• WHAT TO DO
Would you copy each line of the records that includes the word "importantes"?

[[ EXERCISE DATA, beginning ]]

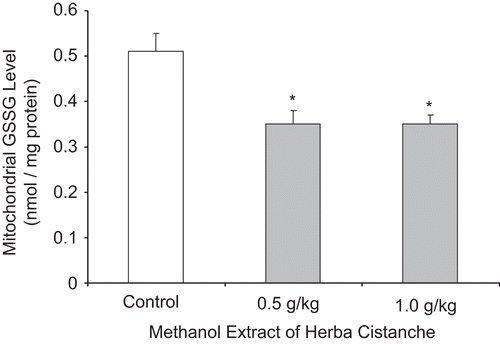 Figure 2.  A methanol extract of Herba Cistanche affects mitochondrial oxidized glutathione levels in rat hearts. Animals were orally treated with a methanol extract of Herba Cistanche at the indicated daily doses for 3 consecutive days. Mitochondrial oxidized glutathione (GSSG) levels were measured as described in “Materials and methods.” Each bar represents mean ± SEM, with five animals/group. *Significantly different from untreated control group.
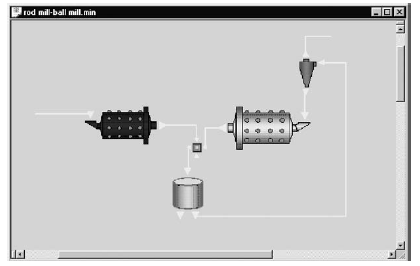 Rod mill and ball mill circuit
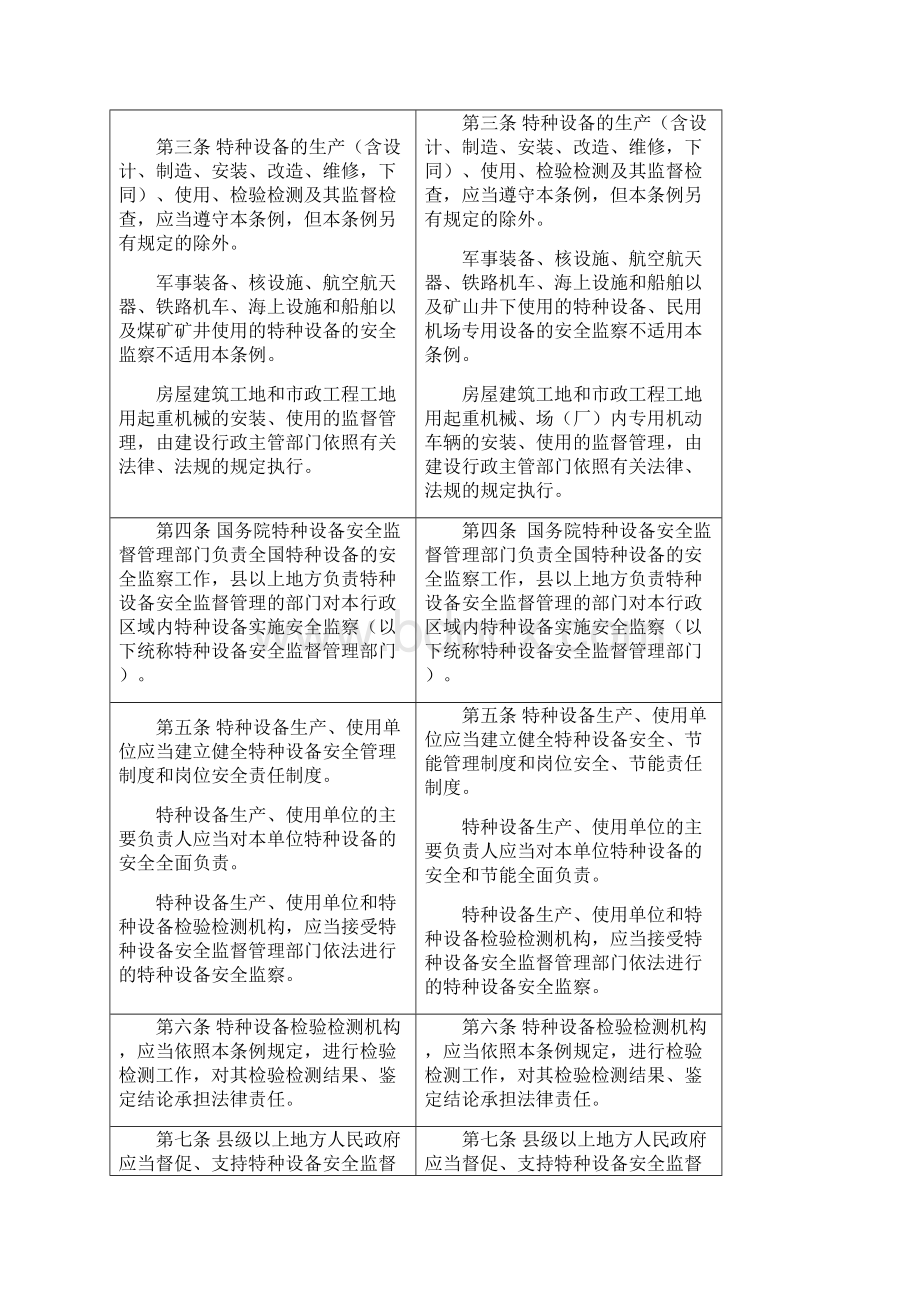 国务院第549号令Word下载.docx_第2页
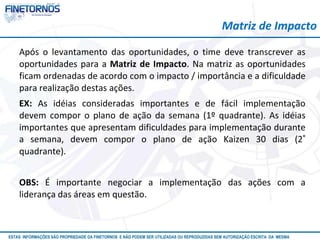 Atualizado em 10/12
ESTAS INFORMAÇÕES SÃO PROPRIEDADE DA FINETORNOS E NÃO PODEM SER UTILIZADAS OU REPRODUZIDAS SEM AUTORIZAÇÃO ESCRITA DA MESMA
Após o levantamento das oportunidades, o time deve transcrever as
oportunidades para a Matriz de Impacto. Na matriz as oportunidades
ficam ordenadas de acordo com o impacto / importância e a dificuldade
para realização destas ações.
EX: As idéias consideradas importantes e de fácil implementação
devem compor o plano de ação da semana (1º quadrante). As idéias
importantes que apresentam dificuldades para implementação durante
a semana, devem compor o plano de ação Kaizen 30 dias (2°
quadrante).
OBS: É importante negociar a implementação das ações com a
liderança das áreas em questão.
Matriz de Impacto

[[ EXERCISE DATA, end ]]

• WRITTEN RESPONSE
EX: As idéias consideradas importantes e de fácil implementação
importantes que apresentam dificuldades para implementação durante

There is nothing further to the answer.